Friday, September 3, 2010

Could eBooks Save Millions for Education? (Part 1)

In a previous article, I mentioned that I was doing an interim study to look at potential cost savings by jumping out of the 20th century and into the 21st century and taking a serious look at electronic books as a potential replacement for old-fashioned hardback, traditional textbooks. A few months ago, I was introduced to a pretty neat little gadget called a “Kindle” produced by Amazon. A Kindle is a very small, electronic book that has the capacity to store the same information that could be found in 3,500 hardback books. Having spent 13 years in a high school classroom, I know full well what a box of books weigh because I have unloaded many of them. I also know that the cost for that very basic teaching tool continues to escalate. After seeing a Kindle and holding it in my hands and flipping through the pages, I thought “wow, this little electronic tool could revolutionize the way we teach children and could dramatically reduce costs”.

Now, let’s take a look at some possible numbers. Again, this is an interim study and these are just estimates. You take 654,540 common education students statewide (K-12), many of those students have six subjects per day and six books per child. I do not have to extrapolate that figure to see how many textbooks that is. It’s a bunch! Without getting specific, you can just do some common cowboy math and figure out that it is a lot of truck loads of books. I don’t know what it costs to haul a truck load of books but it is not cheap. If you figure a Kindle probably weighs a couple of pounds or less and then you take six copies of almost any book you choose and compare that, I think it would be easy to see that freight alone gets pretty pricey. Also consider the fact that people make lots of money writing the content for textbooks. That probably would not change. It still takes learned individuals to write these. The difference is the cost savings of hauling untold truckloads of hard books versus little compact devices that can hold 3,500 books. There has got to be a savings there just in freight.

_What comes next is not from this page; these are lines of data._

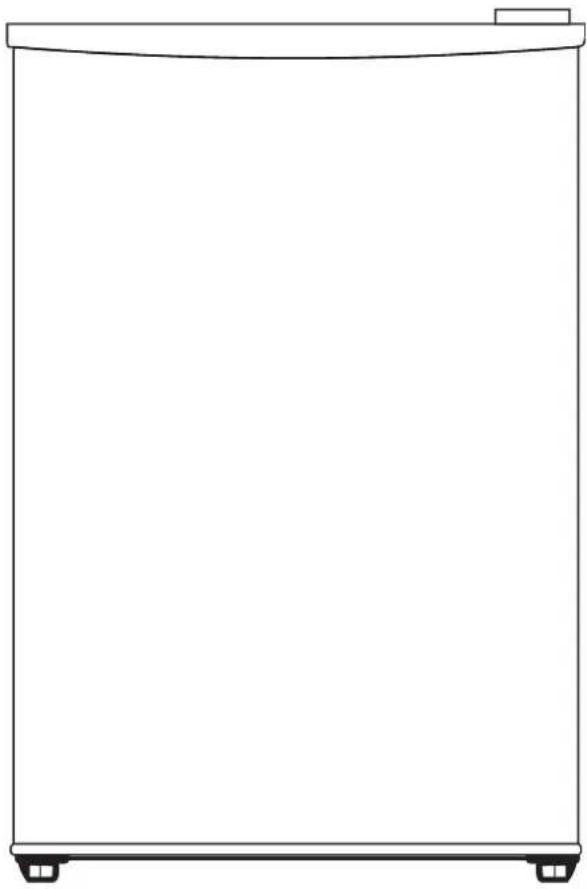 PROLINE PF85GWA - PROLINE 48cm UNDER COUNTER FRIDGE INSTRUCTION MANUAL - 1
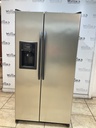 Ge Used Refrigerator Side by side 36x69 1/2” (Stainless steel)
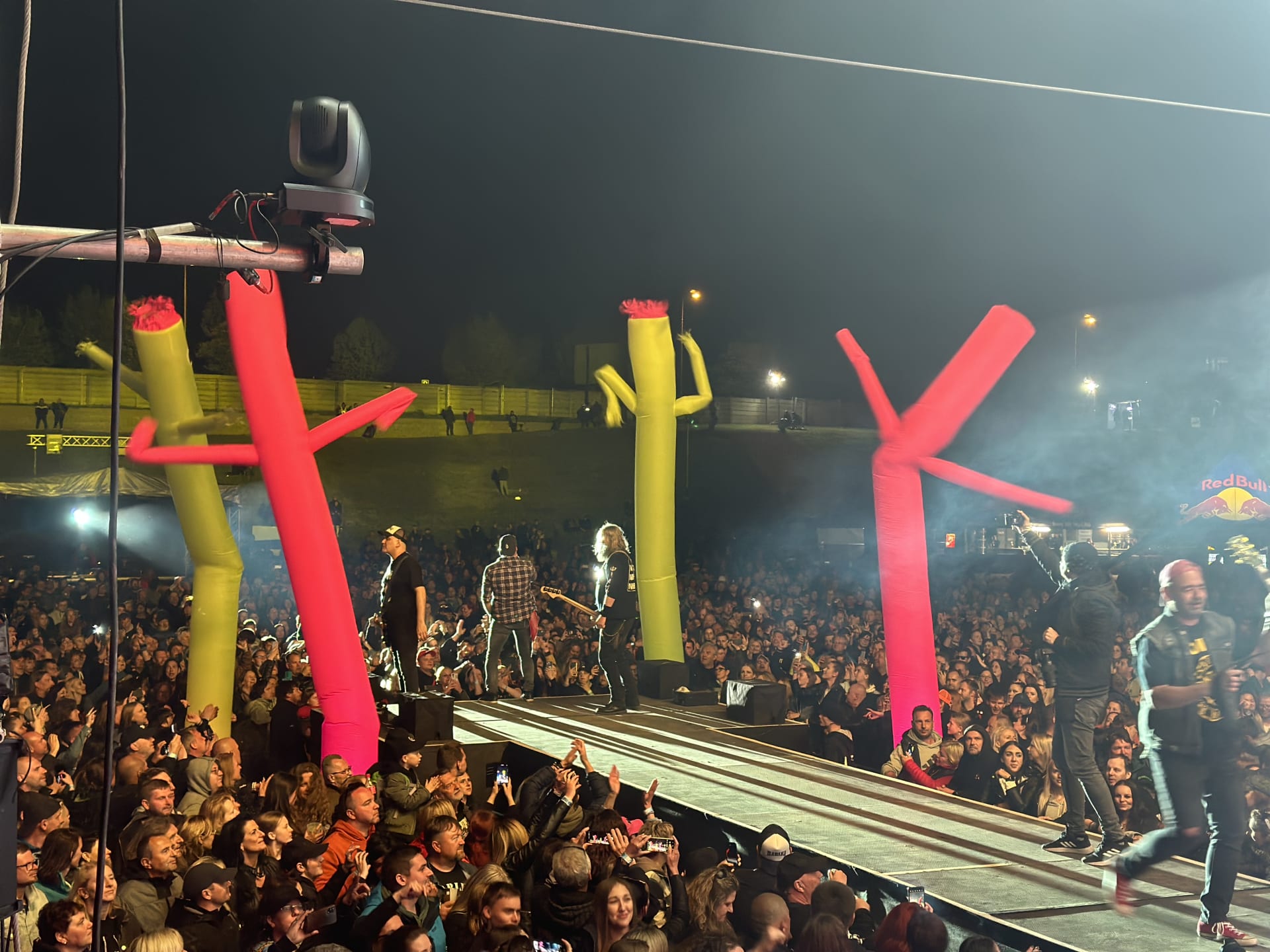 Festival Rock in Town v pátek roztančil Plzeň.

Before you think that I own stock in the Kindle Company, I am not stuck on the Kindle as the only option. Although one can be had by an individual for less than 150 dollars, I am sure that there could be a tremendous savings if bought in bulk by a large school system. There may be other brands out there that can do the same thing. If you step up your expenditure, you can go to the Apple iPad which shows illustrations and graphs. To my knowledge, the Kindle is just black and white. One of the questions I have had posed is “what do you do about color?” There might be a device that will do that and Kindle may even have the technology now, I’m not sure. If they don’t, there are some other products from other companies like Barnes and Noble that has a device called the “Nook” and Sony also has the “Reader” that might fit the bill. With the cost of education ever-increasing, we have to figure out if there is a way to carry out the mission of educating our kids with less dollars. It is called efficiency and businesses have to find better ways to be efficient all the time, or they don’t survive. I think it’s only fair that education look at some of these potential efficiencies and see if there is a way to get the job done on less.